L’evento annuale, che quest’anno riunisce 600 delegati rappresentanti di 218 Caritas diocesane, si è aperto l’8 aprile, e si concluderà l’11 aprile.
Proponiamo di seguito la riflessione di Don Gianni Croci, Direttore Caritas: “Le esperienze danno credibilità alle parole.
Attraversare la frontiera dentro quella che può essere considerata una stessa città, Gorizia per la parte italiana e Nova Gorica per la parte slovena, e sentire nella Concattedrale la testimonianza di giovani italiani e sloveni che parlano di confine come zona di contatto e non di separazione ed annunciare con entusiasmo che il prossimo anno le due città saranno insieme capitale europea della cultura, è stato sicuramente un momento in cui si è toccata con mano la speranza.
È stato davvero bello ascoltare dei ragazzi e delle ragazze che sanno apprezzare la differenza vissuta, non come elemento di separazione, ma come possibilità di arricchire l’approccio alla complessità e al mistero della storia che stiamo vivendo. Ci ha fatto bene ascoltare queste voci proprio in questo tempo in cui è stato sospeso il trattato di Schengen e sono stati ripristinati i controlli sia pure, in questo caso, in una forma discreta.
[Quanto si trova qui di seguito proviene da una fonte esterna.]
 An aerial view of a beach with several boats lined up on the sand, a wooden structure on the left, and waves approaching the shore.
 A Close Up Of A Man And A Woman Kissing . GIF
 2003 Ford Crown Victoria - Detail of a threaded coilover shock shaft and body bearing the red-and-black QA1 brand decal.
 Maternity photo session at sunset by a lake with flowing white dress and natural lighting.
Grazie agli interventi di esperti, alle testimonianze delle varie caritas europee, in questo convegno che si tiene a Grado, stiamo riscoprendo il confine come zona di contatto e non di separazione, porta che permette di uscire e di entrare, piuttosto che muro che divide e respinge, possibilità di incontro fraterno e non di scontro tra popoli che le guerre stupidamente fanno credere nemici.
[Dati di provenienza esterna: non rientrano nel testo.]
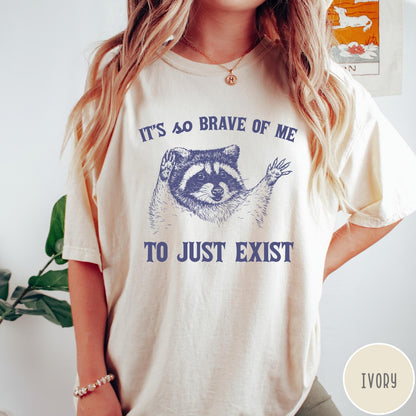 Comfort Colors tee in Ivory featuring illustrative raccoon graphic with text It's So Brave Of Me To Just Exist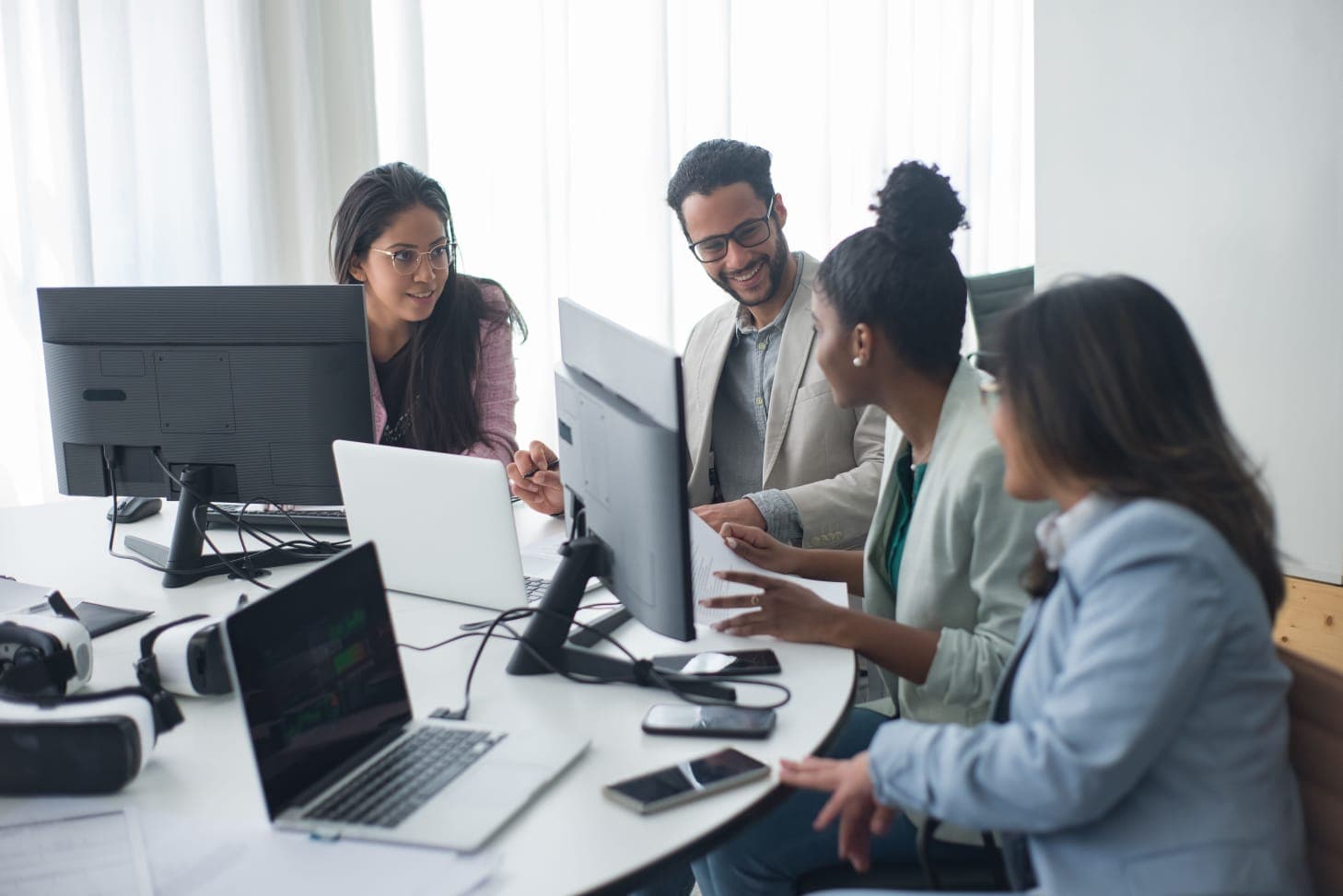 Equipe analisando sistemas em múltiplas telas no escritório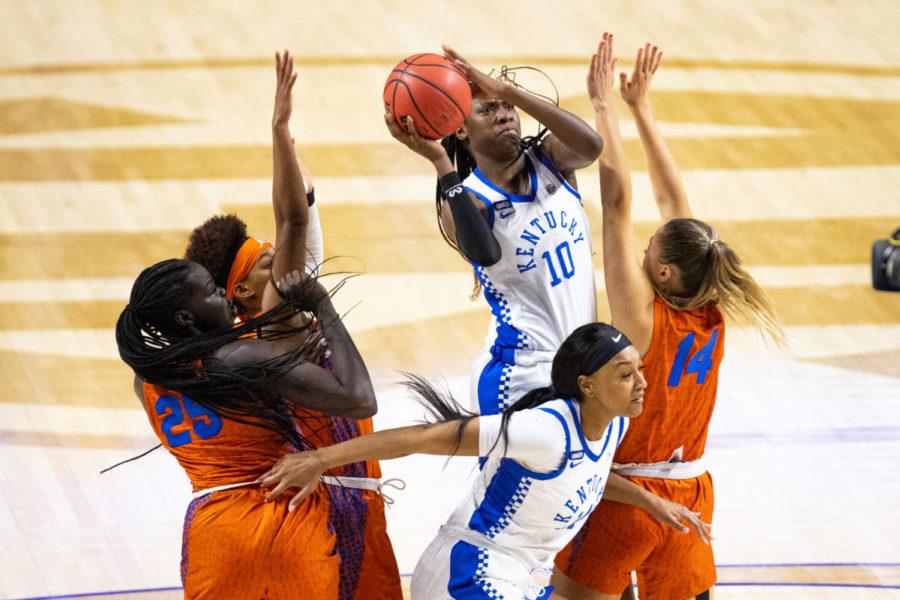 Kentucky Wildcats guard Rhyne Howard (10) puts the ball up during the UK vs. Florida women’s SEC Tournament basketball game on Thursday, March 4, 2021, at Bon Secours Wellness Arena in Greenville, South Carolina. UK won 73-63. Photo by Michael Clubb | Staff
La riflessione sui confini porta a riflettere anche sulla vita della comunità cristiana e della stessa Caritas in quanto c’è sempre il rischio, come ci ha ricordato don Matteo Pasinato, di «confinare» cioè di “chiudere l’altro dove lui è, e chiudere me dove io sono” mentre un buon metodo è «confidare», rinchiudere nell’altro qualcosa di mio (un segreto, un dono, una presenza che parla). Il problema non è il confine ma ciò che si muove tra i confini. Non si tratta allora di abolirli ma di farne spazi di incontro e luoghi di scambio di doni.
Molto interessante è stata la provocazione di Mons. Carlo Maria Radaelli, presidente di Caritas Italiana e vescovo di Gorizia: “Concludo con un terzo punto che riguarda un confine che tutti noi, impegnati nella Caritas, cerchiamo ogni giorno di superare, quello tra noi, operatori e volontari, e quelli che papa Francesco chiama gli “ultimi”.
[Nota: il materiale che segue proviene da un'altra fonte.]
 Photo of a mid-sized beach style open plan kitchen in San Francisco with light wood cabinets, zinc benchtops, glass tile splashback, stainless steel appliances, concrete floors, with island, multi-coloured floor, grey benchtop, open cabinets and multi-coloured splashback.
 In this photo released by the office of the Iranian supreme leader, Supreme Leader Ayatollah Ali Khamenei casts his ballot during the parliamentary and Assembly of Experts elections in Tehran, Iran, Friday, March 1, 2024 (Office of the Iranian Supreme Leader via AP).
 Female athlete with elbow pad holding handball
Un confine che c’è, perché comunque siamo in due situazioni diverse per certi aspetti non superabili: chi aiuta e chi ha bisogno di aiuto non sono nella stessa condizione. Però è un confine in qualche modo da superare. Un piccolo suggerimento: quello di meditare alcune pagine del Vangelo, spostando però i ruoli. Mi spiego. Quando si riflette sulla parabola del giudizio finale di Matteo 25, è spontaneo pensarsi dalla parte di chi viene giudicato dal Signore per quanto ha fatto o non fatto a favore dell’affamato, dell’assetato, dello straniero, dell’ammalato, ecc. E se invece ci pensassimo noi come gli affamati, gli assetati, gli stranieri, gli ammalati, ecc.? …. Mettersi dall’altra parte del confine della povertà e del bisogno può essere una buona idea per farlo diventare luogo di contatto”.